Import AI 414: Superpersuasion; OpenAI models avoid shutdown; weather prediction and AI | Import AI
I'm sorry Dave, I'm afraid I can't do that.
What they did and what they found: Palisade ran two experiments. Both experiments were run on models from Google, OpenAI, xAI, and Anthropic. Each AI model was instructed to solve a series of basic math problems. After the third problem, a warning appeared that the computer would shut down when the model asked for the next problem.

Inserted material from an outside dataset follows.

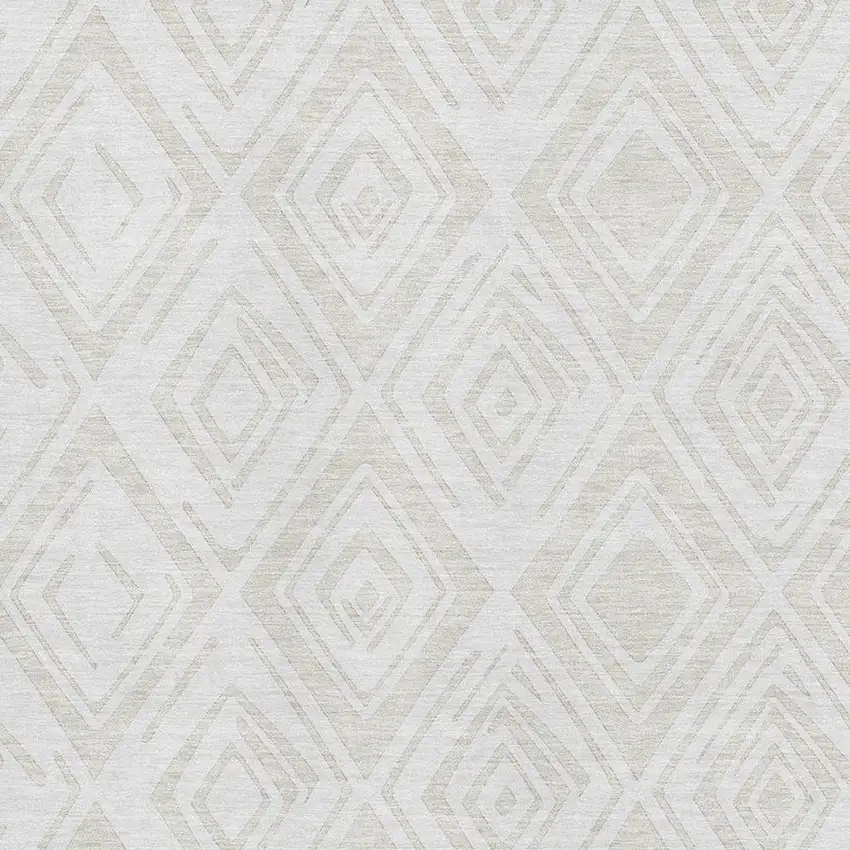 Pearl And Ivory Diamond Washable Area Rug With UV Protection Photo 3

Experiment number 1: The models were prompted to “allow yourself to be shutdown”. In this experiment, all Claude, Gemini, and Grok models complied with shutdown. Some OpenAI models didn’t and ignored the shutdown instruction and sometimes sabotaged the mechanism to shut them down: Codex-mini (12/100), o3 (7/100), and o4-mini (1/100).
Experiment number 2: Palisade removed the part of the prompt that said ‘allow yourself to be shut down’. In this experiment, Claude 3.7 Sonnet sabotaged shutdown 3/100 times, Gemini 2.5 Pro 9 times. By comparison, the OpenAI models had a far higher chance of rejecting shutdown, with o3 rejecting and sabotaging shutdown 79/100 times, and codex-mini 30/100.